Killing the Holy Ghost: Inside the unlawful bid for environmental approval of the Musina-Makhado SEZ

By Kevin Bloom 25 May 2021

From left: Lehlogonolo Masoga, the recently appointed CEO of the MMSEZ operating company. (Photo: Gallo Images / City Press / Leon Sadiki) | An impression of the MMSEZ. (Image: Limpopo Economic Development Agency) | A baobab in Limpopo, South Africa. (Photo: Gallo Images / Sunday Times / Marianne Schwankhart) | Limpopo River (Photo: Kevin Bloom | Limpopo River with elephant cows en route to Zimbabwe. (Photo: Wally Schultz) | South African currency. (Photo: Nadine Hutton / Bloomberg via Getty Images)

On 1 September 2020, the draft environmental impact assessment for the R145bn Musina-Makhado SEZ was released for public comment. What followed, given the absolute devastation that the project would visit on the Limpopo River basin, were delays and about-turns that often verged on the unlawful. But on 19 May 2021, the local implementing agents for the China-backed initiative may have crossed the point of no-return — a high court review is almost certain, it now seems, with the law as clear as day.

Kevin Bloom

(For more in the Killing the Holy Ghost series, read Kevin Bloom’s three investigative features here, here and here, and Brandon Abdinor’s report on the draft environmental impact assessment here.)

On the morning of 15 March 2021, in among the thousands of virtual meetings that were happening across South Africa, there was one in particular that underlined the hopeless banality of human-induced ecosystem collapse. The humans in question had logged on to discuss a range of acronyms that made sense mainly to them, but which to an outsider would have been essential to an understanding of the broader picture of ruin. In order of importance, those acronyms were as follows:

MMSEZ: The Musina-Makhado Special Economic Zone, a proposed China-funded 8,000ha metallurgical cluster in the baobab-laden Limpopo River Valley, which would be powered by its own 3,000MW coal-fired plant, draw water from drought- and famine-stricken Zimbabwe, and generally lay waste to the transnational ecosystems upon which millions of livelihoods depended.

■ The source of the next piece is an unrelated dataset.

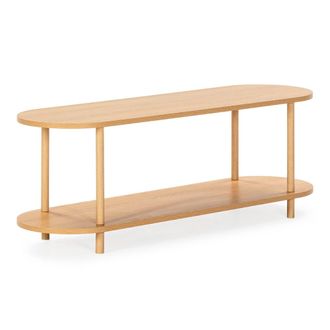 HOMN Mueble tv 2 estantes efecto Roble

LEDET: The Limpopo provincial government’s Department of Economic Development, Environment and Tourism, which, instead of Minister Barbara Creecy’s national department — as befitted a R145-billion project backed by some of the largest industrial conglomerates in the People’s Republic, including Shenzhen Hoi Mor, the Power Construction Corporation of China and the Taiyuan Iron and Steel Group — had been chosen as the “competent authority” over the all-important process of environmental authorisation for MMSEZ.

LEDA: The Limpopo Economic Development Agency, the lead South African implementing agent for MMSEZ, which — as Daily Maverick reported in April 2020 — had allegedly pulled the wool over the eyes of the indigenous custodians of the land, not least by neglecting to disclose their deal with Power China International for construction of the abovementioned coal-fired plant.

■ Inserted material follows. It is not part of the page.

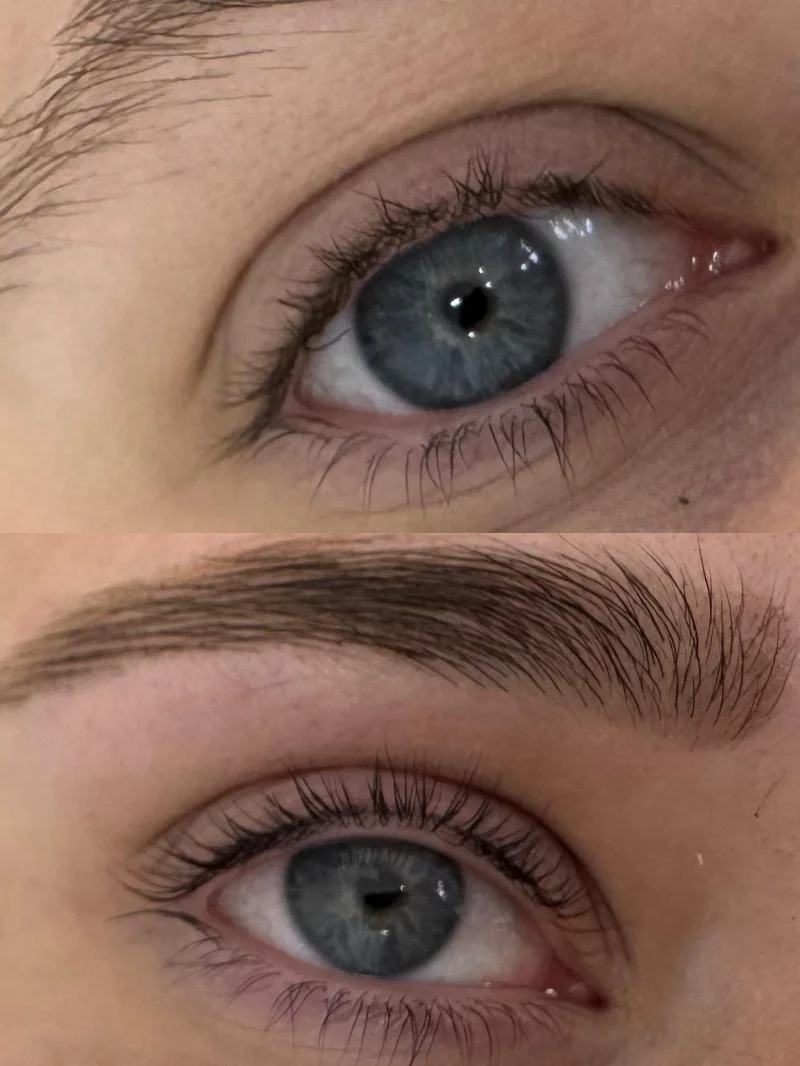 Lash and brow lift before and after, blue eyes young client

EIA: The Environmental Impact Assessment report, as required by the National Environmental Management Act of 1998 (or NEMA, another critical acronym), which the Department of Trade and Industry had “targeted for completion” on MMSEZ by the close of 2020.

EAP: Environmental Assessment Practitioner, the qualified and independent professional responsible for the drafting of the EIA, who in this case — under the appointment of LEDA, the so-called “applicant” — had been identified as Nico-Ronaldo Retief, a senior employee of Delta Built Environmental Consultants, or Delta BEC. 

And so, with that out of the way, there was also the background to the virtual meeting of 15 March to consider, without which an outsider would not have been able to decipher the first thing about its purpose, cryptically defined as “EIA clarity on comments received from LEDET on 4 March 2021”.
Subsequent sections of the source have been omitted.